In October 1831 Strauss resigned his office in order to study under Schleiermacher and Georg Wilhelm Friedrich Hegel (1770–1831) in Berlin. Hegel died just as he arrived, and though Strauss regularly attended Schleiermacher's lectures, it was only those on the life of Jesus that interested him. Strauss tried to find kindred spirits amongst the followers of Hegel, but was not successful. While under the influence of Hegel's distinction between Vorstellung and Begriff, Strauss had already conceived the ideas found in his two principal theological works: Das Leben Jesu (Life of Jesus) and Christliche Glaubenslehre (Christian Dogma). Hegelians generally would not accept his conclusions. In 1832 Strauss returned to Tübingen, lecturing on logic, Plato, the history of philosophy and ethics with great success. However, in the fall of 1833 he resigned from this position in order to devote all his time to the completion of his Das Leben Jesu, published when he was 27 years old. The full original title of this work is Das Leben Jesu kritisch bearbeitet (Tübingen: 1835-1836), and it was translated from the fourth German edition into English by George Eliot (Marian Evans) (1819–1880) and published under the title The Life of Jesus, Critically Examined (3 vols., London, 1846).

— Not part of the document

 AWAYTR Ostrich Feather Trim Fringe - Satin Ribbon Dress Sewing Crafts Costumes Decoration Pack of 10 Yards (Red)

Since the Hegelians in general rejected his Life of Jesus, Strauss defended his work in a booklet titled Streitschriften zur Verteidigung meiner Schrift uber das Leben Jesu und zur Charakteristik der gegenwärtigen Theologie (Tübingen: E. F. Osiander, 1837), which was finally translated into English by Marilyn Chapin Massey and published under the title In Defense of My 'Life of Jesus' Against the Hegelians (Hamden, CT: Archon Books, 1983). The famous scholar Bruno Bauer (1809–82) led the attack of the Hegelians on Strauss, and Bauer continued to attack Strauss in academic journals for years. When young Friedrich Wilhelm Nietzsche (1844–1900) began criticizing Strauss, Bauer gave Nietzsche every support he could afford. In the third edition (1839) of Das Leben Jesu, and in Zwei friedliche Blätter (Two Peaceful Letters), Strauss made important concessions to his critics, some of which he withdrew, however, in the fourth edition (1840) of Das Leben Jesu.